Die Fallzahlen sind zu gering, als dass man bereits verallgemeinerbare Aussagen treffen könnte. Mein persönlicher Eindruck ist jedoch, dass den Schulen sehr daran gelegen ist, ihre Veränderung zu dokumentieren. Sie wollen zeigen, dass sie sich in der Zwischenzeit bewegt haben und nicht mehr als Schule mit besonderem Handlungsbedarf gelten sollten.Inwiefern werden von den Schulen Unterstützungsangebote der Schulbehörde in Anspruch genommen?

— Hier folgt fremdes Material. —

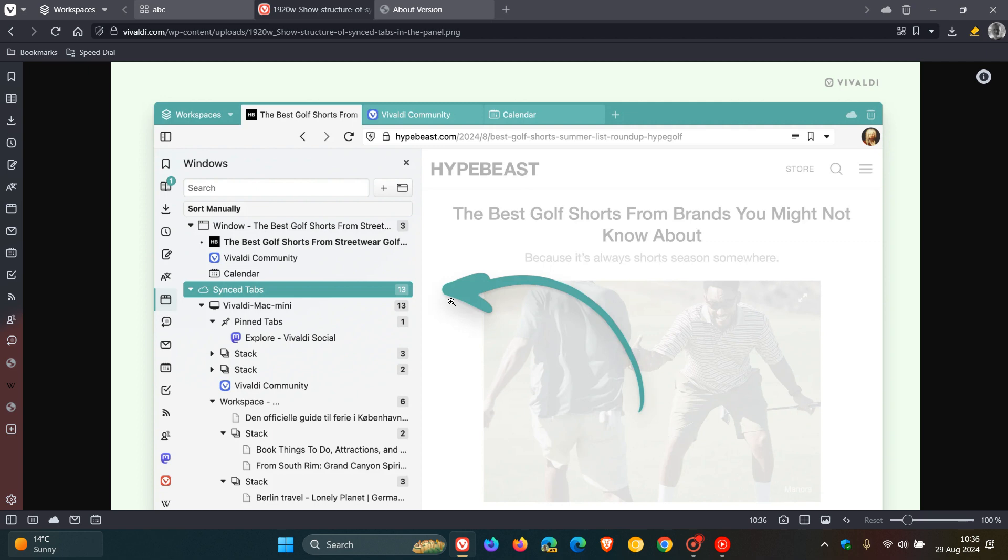Vivaldi carries on to say, when you open the windows panel, you can see exactly which tabs are open on your other desktop devices, and they are organized in a tree structure as we can see. The new structure separates the devices, workspaces, and tab stacks.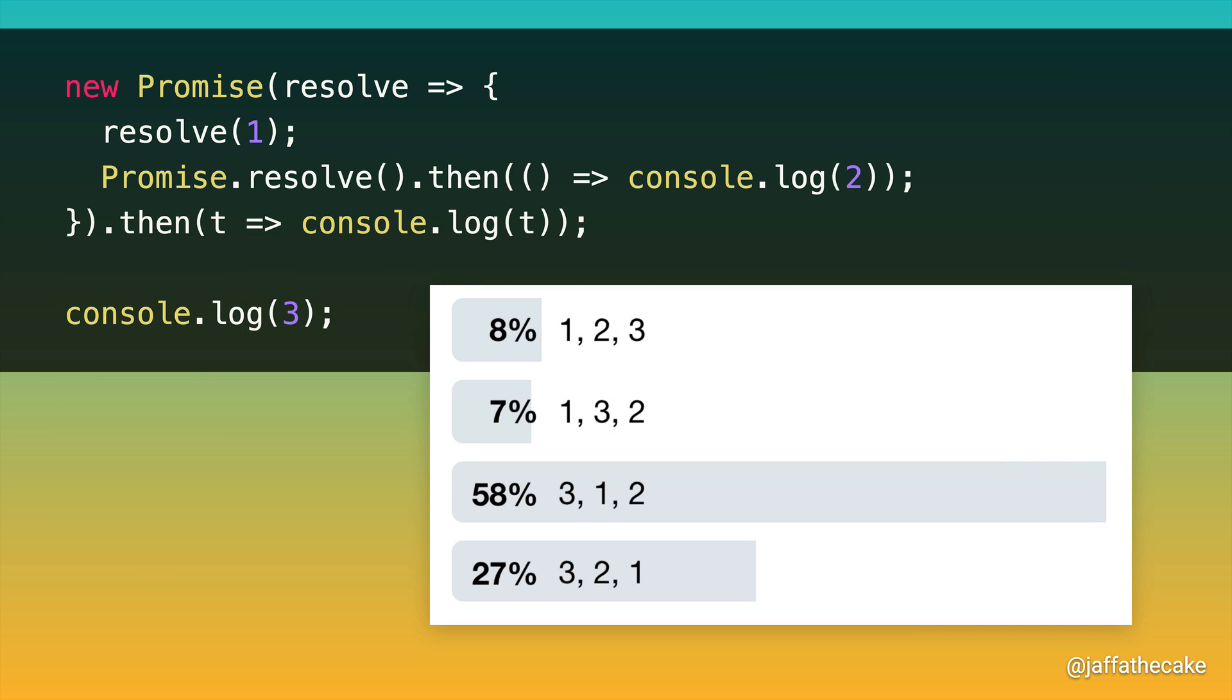58% of you said the answer was 3, 1, 2. And congratulations to those folks for being part of the majority, but they are wrong.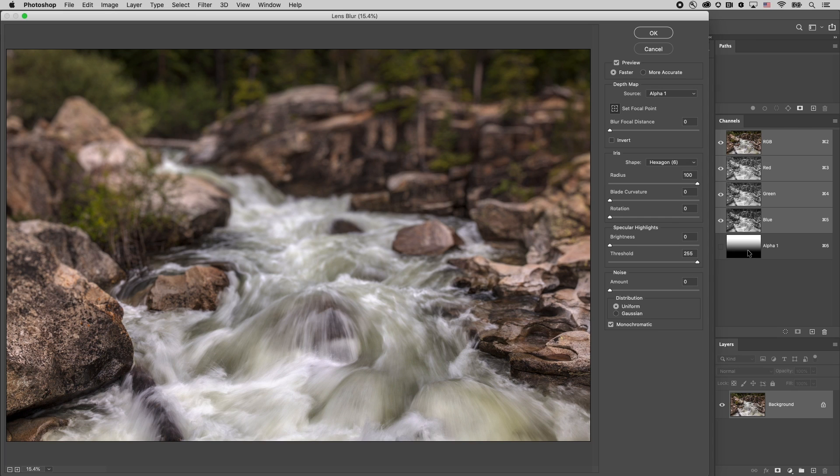So let's look at that alpha channel for a minute. We can see that where the alpha channel is white we are seeing the effects of the blur. So the alpha channel works just like any other mask in Photoshop. Where the mask is black it's hiding the effects of the blur.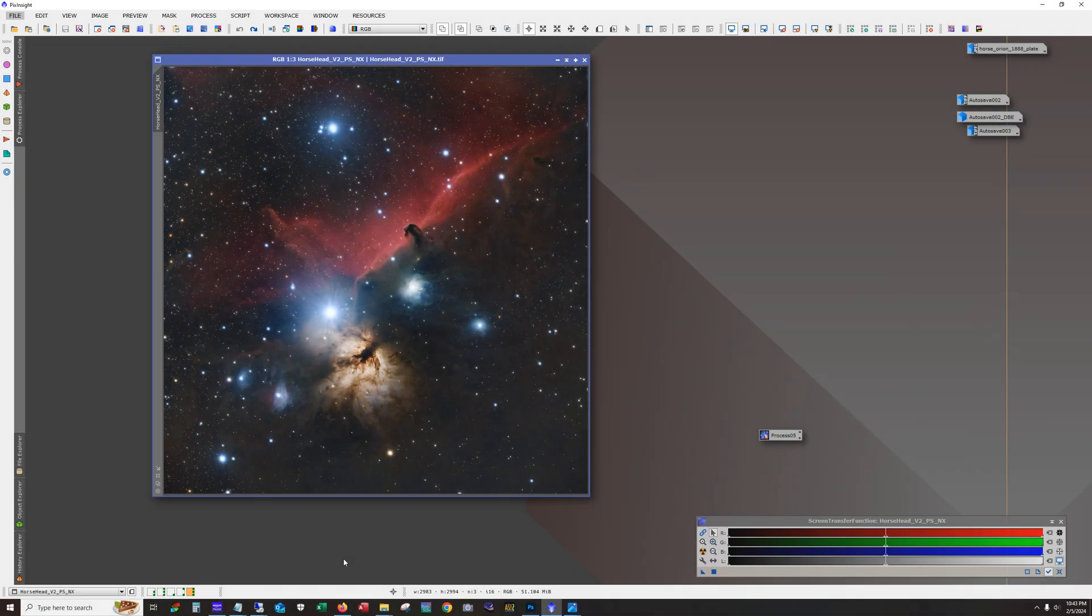Hello and welcome. This is James from the DSO Imager channel. Tonight I'm going to show the processing workflow I used on my latest shot of the Horsehead and Flame Nebula.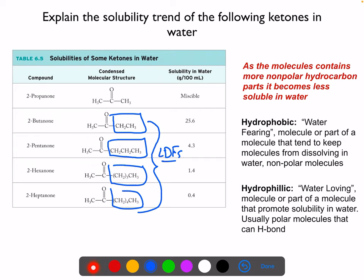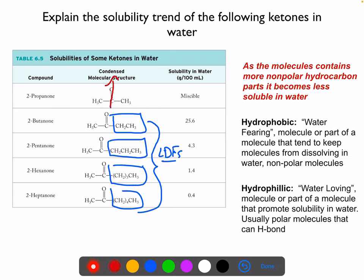As the nonpolar carbon chain portion of the molecule starts to dominate, the molecule becomes more and more hydrophobic, or water fearing. When the molecule is small, the polar ketone portion dominates and it interacts well with water. As the chain grows longer, the LDF portion takes over and controls the intermolecular forces of attraction.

Sofern eine Schule ein entsprechendes Ergebnis in der Schulinspektion erhält (die Kriterien sind eindeutig bestimmt), tritt eine Fallkonferenz zusammen, in der die Amtsleitung, die zuständige Leitende Schulaufsicht und die zuständige Schulaufsicht, das LI und die Schulinspektion vertreten sind. Sie legen gemeinsam fest, welche Maßnahmen der Unterstützung und Beratung für die Schule angezeigt sind. Diese muss die Schule verpflichtend in Anspruch nehmen. Schwerpunkte liegen im Bereich der internen Kommunikation und Qualitätssteuerung, aber auch der Unterrichtsentwicklung.Inwieweit wird erkennbar, dass die Hamburger Schulen im Nachgang der Inspektionen auch tatsächlich Maßnahmen zur Schul- und Unterrichtsentwicklung einleiten?
Da wir erst am Anfang des zweiten Inspektionszyklus stehen, haben wir noch keine Erkenntnisse über die Qualität und Wirkung der eingeleiteten Maßnahmen erlangen können.Vielen Dank für Ihre Rückmeldung.